An interesting study; lots of insights, assuming - and it’s a big assumption - you can read between the lines. For example, this is not a measure of which college graduates make the most money. Rather, this is a measure of how much money a graduate makes in relation to what they might have been expected to earn given their socio-economic and racial background. Thus, wealthy LACs like Wesleyan, Swarthmore, Pomona and Carleton with their lofty cohort of well-prepared, high-scoring upper-middle class students, are somewhere near the bottom of the ranking while colleges like Brooklyn’s Long Island University, Atlanta’s Spelman College, and business school chains like DeVry and Bentley tend to be near the top. The obvious drawback is that it doesn’t quite speak to excellent students for whom Harvard is only the beginning of their college search, and are not terribly interested in careers in bookkeeping, other back office occupations, or in engineering.
I mean as with any study, you should ready about its methodology. For me, salary, roi, and that sort of stuff are more important than a pretty campus, school spirit, or other stuff like that
Salary and ROI are only available in pretty weak and tainted data, unfortunately.
When they put stanford next to milwaukee school of engineering, you know that nothing makes any sense by this measure.
@ewho that’s because it’s not a ranking of “which one is best” overall. It’s a ranking of “which ones boost your earnings more compared with your predicted earnings”. This is why Yale ranks quite low on this list – because its graduates earn less than other schools which those same students could plausibly have gotten into (like Harvard) and what the average Yale student would be expected to earn given their financial condition before college (which closely correlates with test scores). This doesn’t mean Harvard is better than Yale. But from a purely financial perspective, Harvard contributes more to your future earnings than Yale does. It’s not comparing Stanford with Milwaukee SoE or saying Stanford grads earn the same as the latter.
@marvin100 why do you say that?
I’ve written about it a lot on here, but it’s just not the most reliable data. It also rests on some assumptions about the purpose of education and the goals of students, and those are assumptions I don’t find fully convincing.
The Brookings data comes from the College Scorecard database, which does not depend on self-reported data (as payscale.com does). College Scorecard gets post-graduate earnings information from tax records. Nevertheless, a focus on alumni earnings could hurt colleges that have many alumni in relatively low-paying academic or public service jobs (especially if many of them come from affluent families with high expected earnings).
A school like Swarthmore or Reed might be tempted to consider a low Brookings score as a badge of honor. Still, a few other colleges do get much higher Brookings scores despite high PhD production or Peace Corps participation rates.
@marvin100 - isn’t it based on data filed with FAFSA applications (tax data)? I don’t see how that would be unreliable.
As for assumptions about the purpose of education or goals of students, that’s another matter altogether. I don’t see how these rankings make any such assumptions.

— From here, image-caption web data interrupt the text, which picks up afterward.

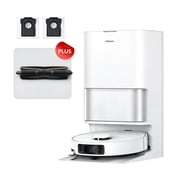 DREAME L40 Ultra Gen 2 Robot Vacuum and Mop, 25000Pa Suction, Pet Hair Anti-Tangle,Mop Extend, 100 Days Auto-Empty, Self Mop Cleaning & Drying ,Smart Obstacle Avoidance, Voice & App Control,White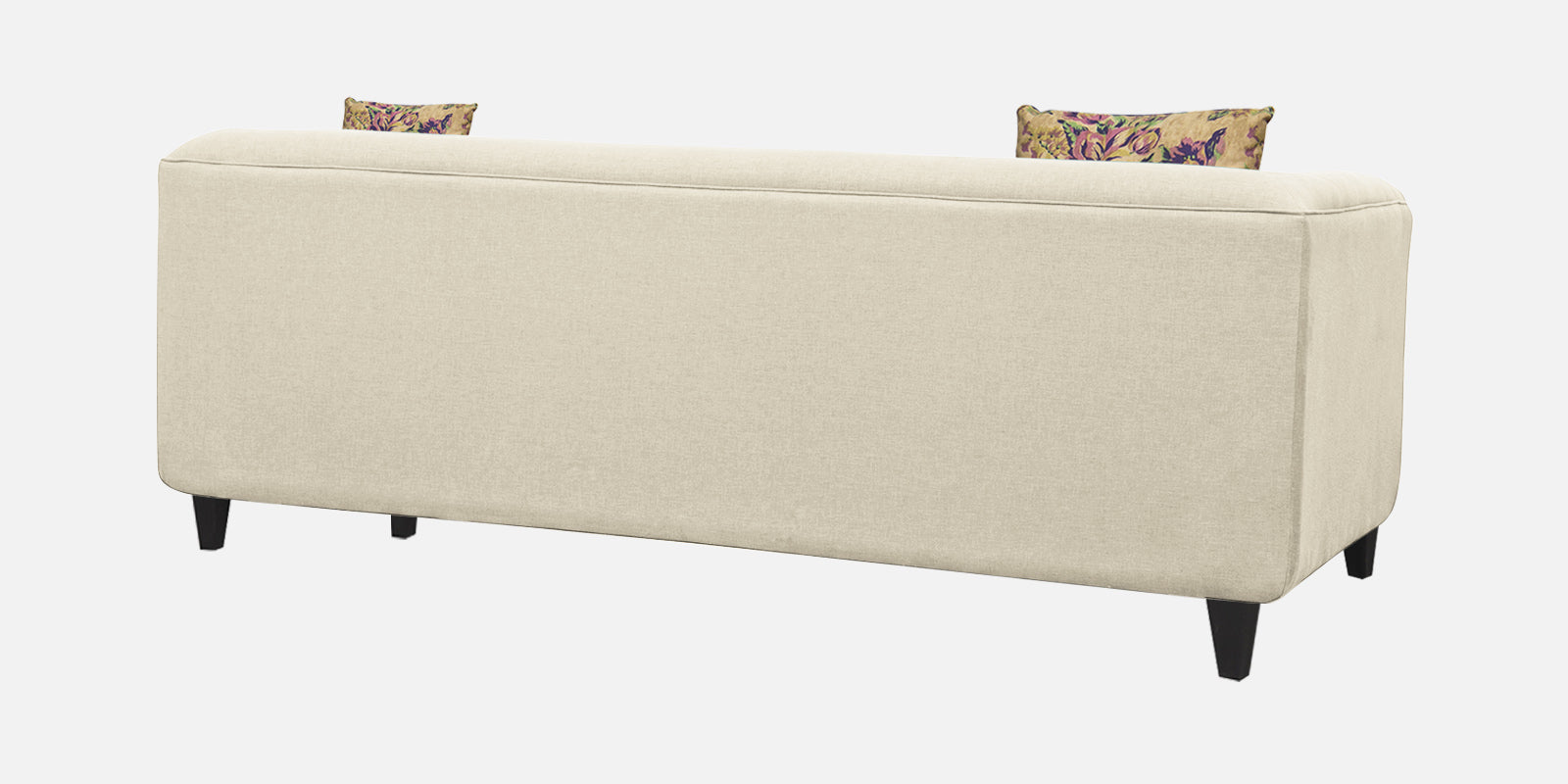 Niki Fabric 3 Seater Sofa In Ivory Cream Colour - Febonic Living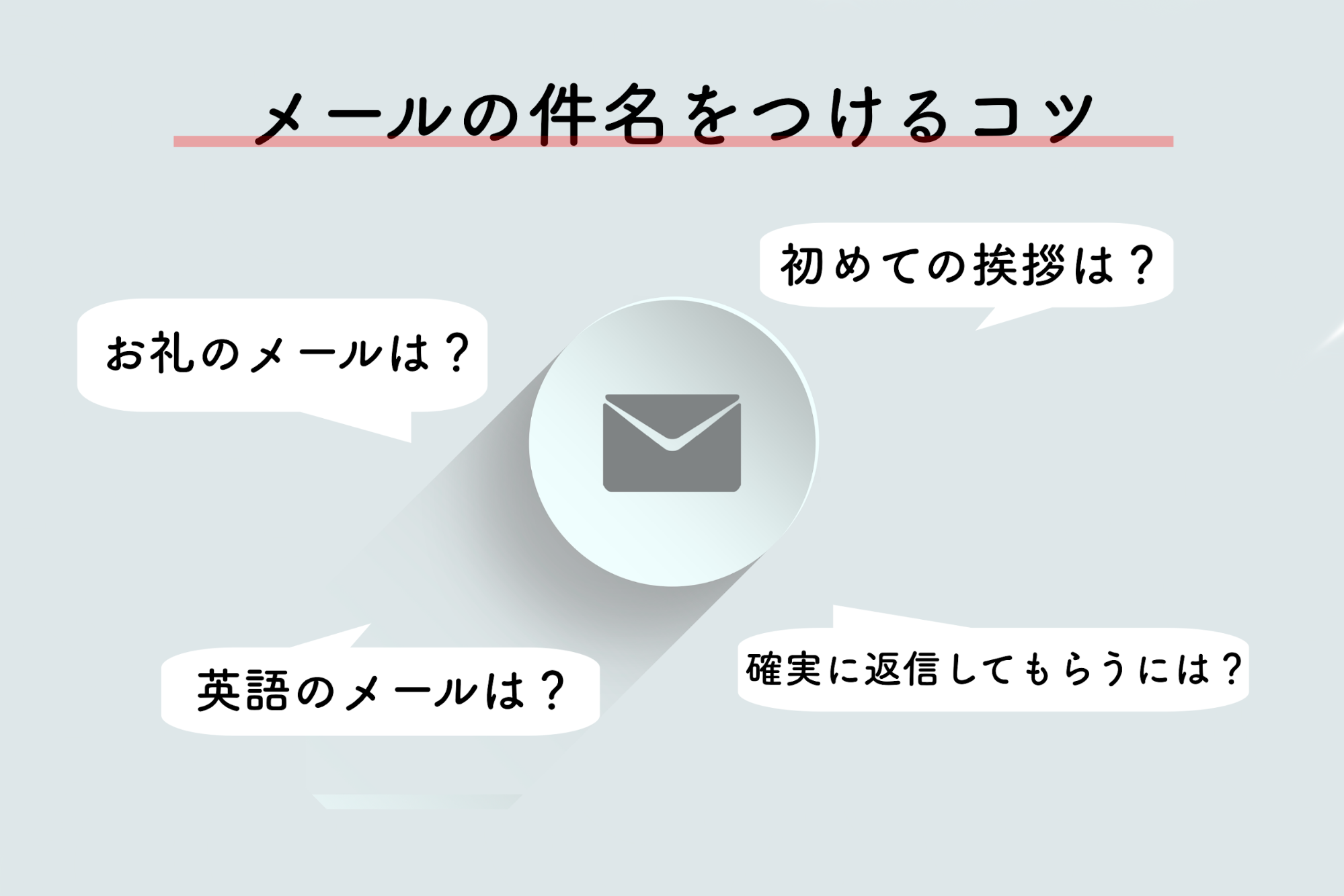 メールの件名を付けるコツは？パターン別の件名の付け方を解説します！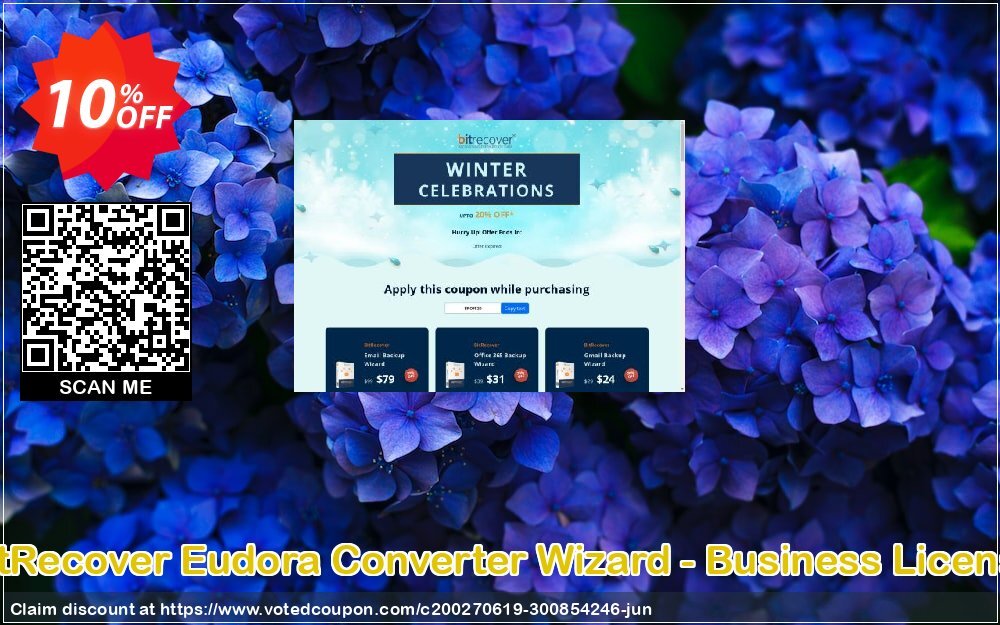 BitRecover Eudora Converter Wizard - Business Plan Coupon, discount Coupon code Eudora Converter Wizard - Business License. Promotion: Eudora Converter Wizard - Business License offer from BitRecover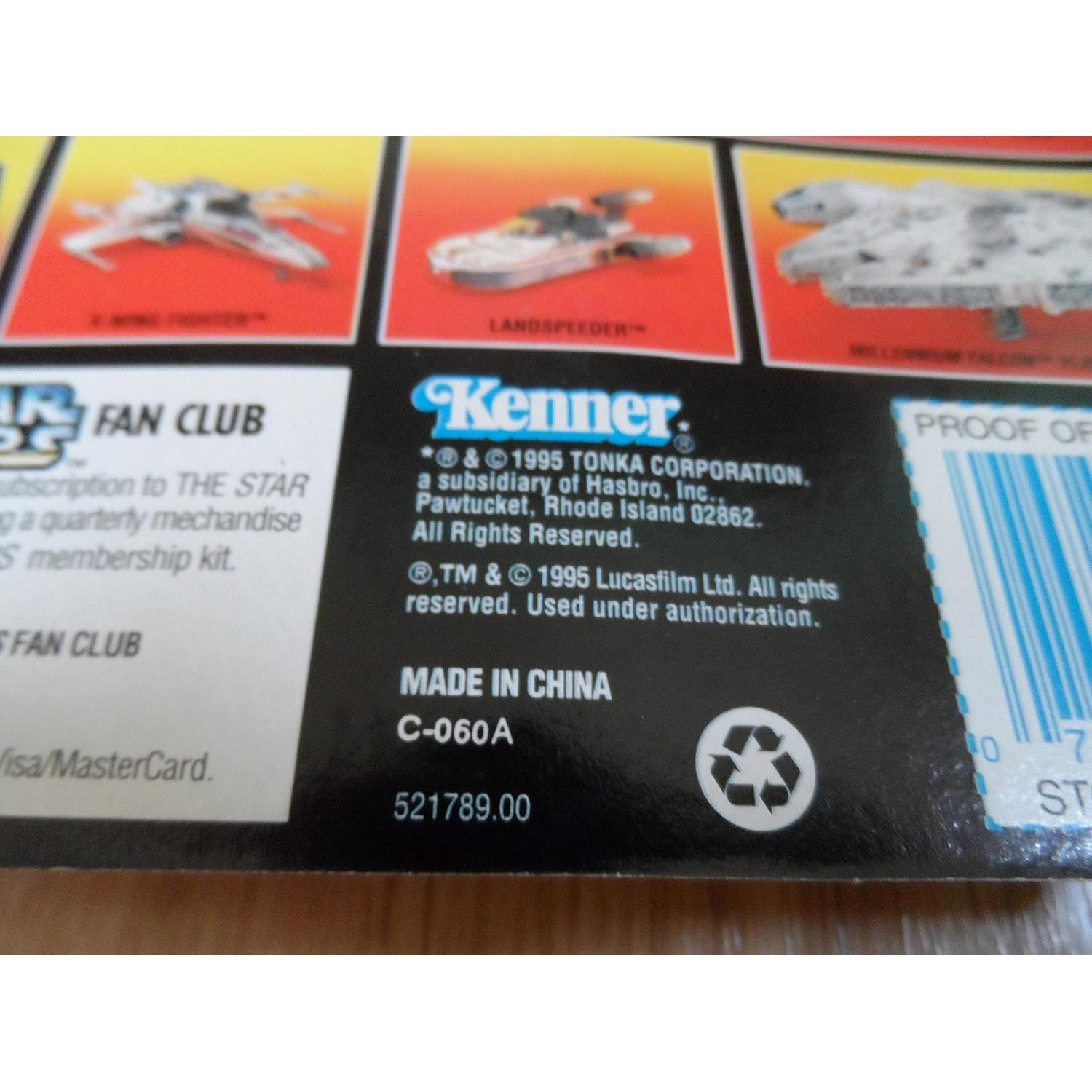 Figura de Acción Stormtrooper Hasbro 1995 con Rifle Blaster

Theyr’e not saying these are the “best” colleges, but very specifically the colleges that provide the “best financial outcome” (which may or may not be what students want, and isn’t the purpose of education though it’s sadly increasingly becoming that). But in any case, that has no bearing on the Scorecard data.

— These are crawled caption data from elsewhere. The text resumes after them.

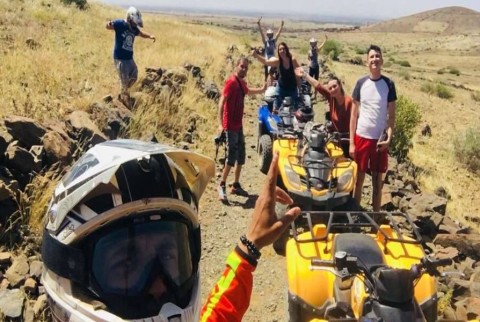 Esperienza in quad sul lago Lalla Takerkoust da Marrakech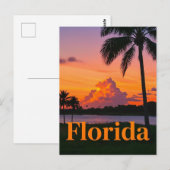Retro Florida Sunset: een paradijs Briefkaart (Voorkant / Achterkant)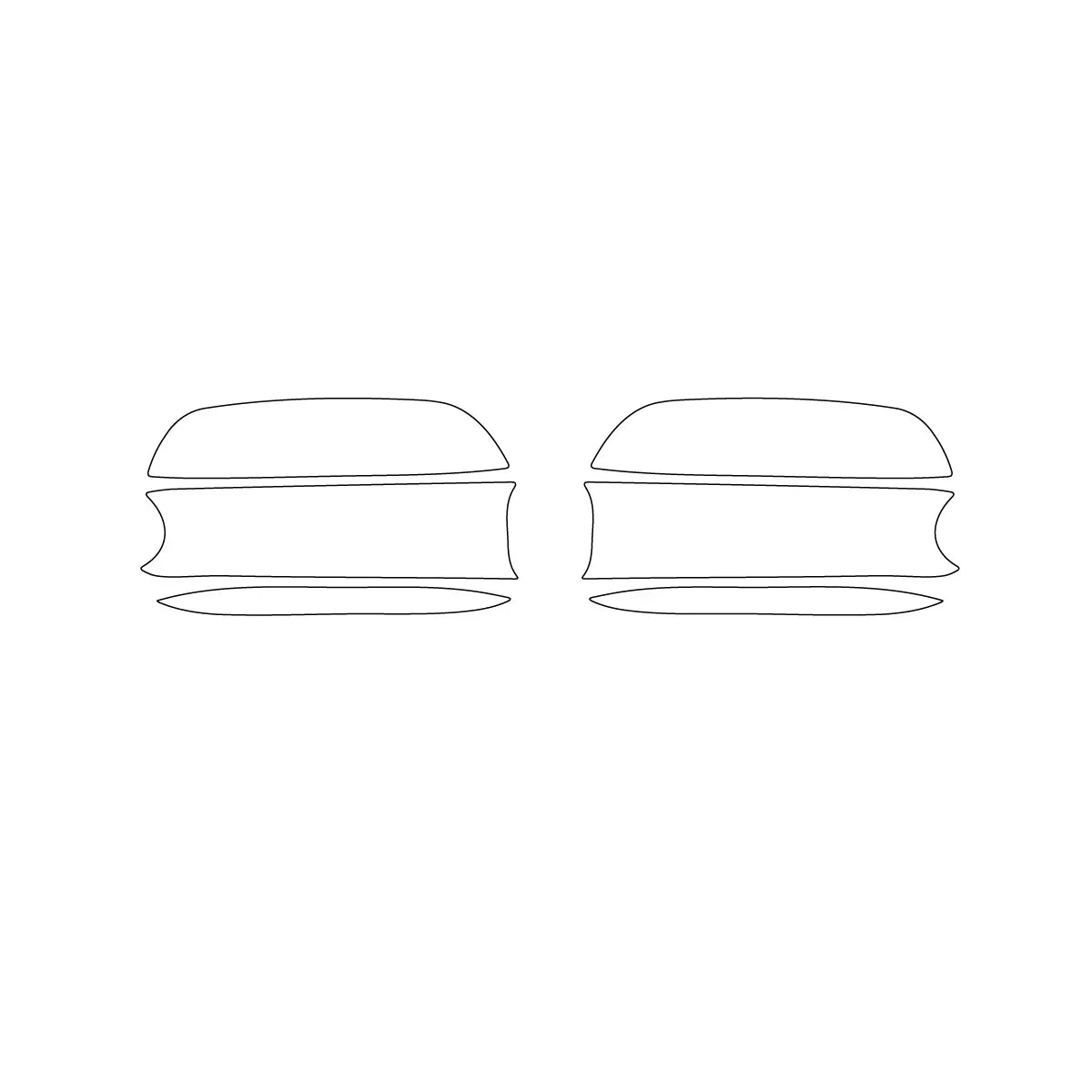 Film de Protection PPF pour Poignée de Porte de Mercedes SL R107 (1971–1989) - Revvo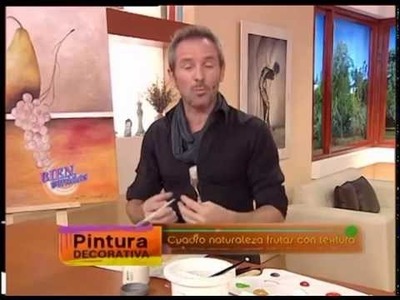 Diego Raimondo - Bienvenidas TV - pinta un Cuadro de Naturaleza, Frutas con Textura.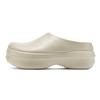 Thick Soles Platform Half Shoes For Men Women Rubber Slippers Garden Chef Shoes Waterproof Closed Toe Kitchen Restaurant Working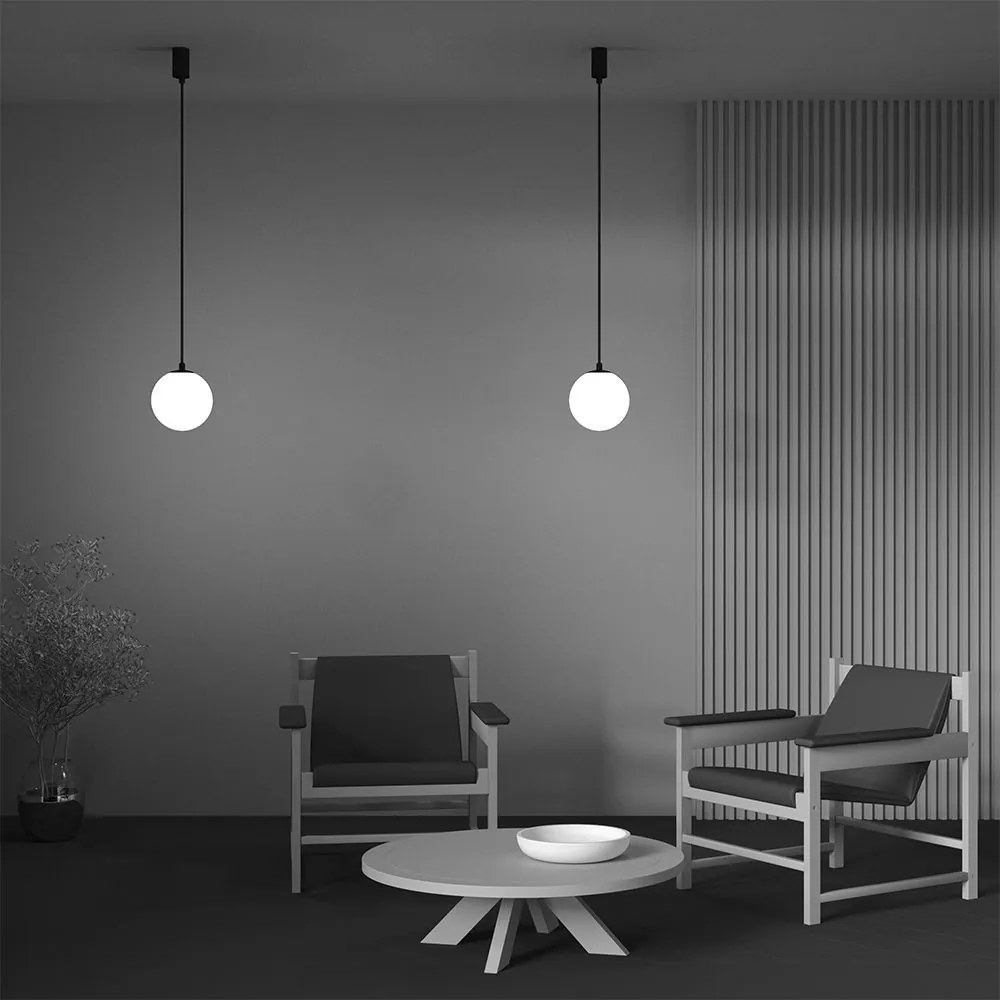 MAYTONI P039PL-5W4K-20-B LUNA Egyágú Függesztett Lámpa Fém LED IP20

In the Brookings two year college rankings, ITT Technical Institutes rank near the top for value added. They went out of business in September, and I’d question the value they added, as did the federal government when it pulled their funding.
That data is woefully incomplete.
It assumes that alumni are all seeking out the highest paying jobs, when in reality, many people forgo such careers for various reasons. For example, many people from top-10 schools turn their backs on, say, Wall St. / K St. jobs in order to teach, perform social work, or do other work that more fully satisfied their ideals. That doesn’t at all indicate the paucity of options that this sort of broad-brush “analysis” presumes and suggests.
I think @marvin100 is close to the school of thought all college rankings are useless. If college rankings didn’t exist, it would be interesting to see how people would go about choosing colleges.
I’m sorta close to that, @roethlisburger , although I think rankings are useful to see the general perception of schools (by broad strokes) among those who pay attention to such things.